Artificial intelligence involves a wide variety of methods and techniques, such as deep learning, reinforcement learning or bio-inspired AI. Many of these methods have been around for some time, but advances in processing power and modernised infrastructure mean that they can now be used widely in industrial production. AI enables us to tackle problems that were previously impossible to solve. For example, it is often not possible to work with model-based methods in the closed-loop control technology of complex systems with powerful fluid dynamics. The abstractions are too imprecise or too mathematically complex. Reinforcement learning will enable us to train such systems in future.
Reinforcement learning enables machines to learn independently how to achieve a specified objective or solve a problem. The main benefit is that the computer finds a way itself, which may be quite different to the route that a human with learned experience would take. In many cases, this produces solutions that nobody had thought of before. The scope of application for this is wide, as reinforcement learning opens up vast potential, from control technology to robotics and supply chain planning.

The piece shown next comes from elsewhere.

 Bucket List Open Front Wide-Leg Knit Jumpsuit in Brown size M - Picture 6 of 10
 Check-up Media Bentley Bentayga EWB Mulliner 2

Deep learning is particularly suited to individual skills that a robot needs to be very good at, such as gripping unfamiliar objects using the same gripper. Festo applies deep learning algorithms to robotics in the area of vision and also uses them to combine sensors for haptics, acoustics and infrared. This is necessary because robots have so far often operated based on cameras and stop working if the lighting fails, for example. Haptic, acoustic and infrared sensors make robots more robust and enable them to function in more difficult conditions, too.
In the field of distributed inhomogeneous systems, we are investigating whether it is possible for different systems to learn from each other: for example if a handling system can pass on its knowledge to a robot. In this case, passing on knowledge doesn't mean exchanging data, but rather that the systems communicate with each other and share their learned knowledge with each other. If this is possible, entire systems can optimise themselves and become better as more intelligent components are installed. For example, if a ball screw axis and an oversized cylinder are operating in succession, the cylinder notifies the ball screw axis that it needs to extend at a higher speed rather than at full pressure. This means that they save energy together and are more efficient.
Learning from nature is an important principle for Festo and one that extends beyond bionics. Nature can also serve as an example for algorithms. The structure of neural networks is partly modelled on the human brain, but the way that spiking neural networks function mimics the brain even more closely. Spiking neural networks can convey and process information independently of each other (and not just in layers like in neural networks). This means that they are more energy efficient and faster and could therefore be a highly promising approach for embedded systems with minimal processing power.
As part of the "Industry on Campus" collaboration with the University of Tübingen, we are investigating whether spiking neural networks could perform more complex or even creative tasks.
Alongside other joint research activities, the University of Tübingen and Festo are working on the generalisability and transferability of algorithms. To be able to transfer algorithms, it is important that we don’t need to train a separate model for every system and every application scenario.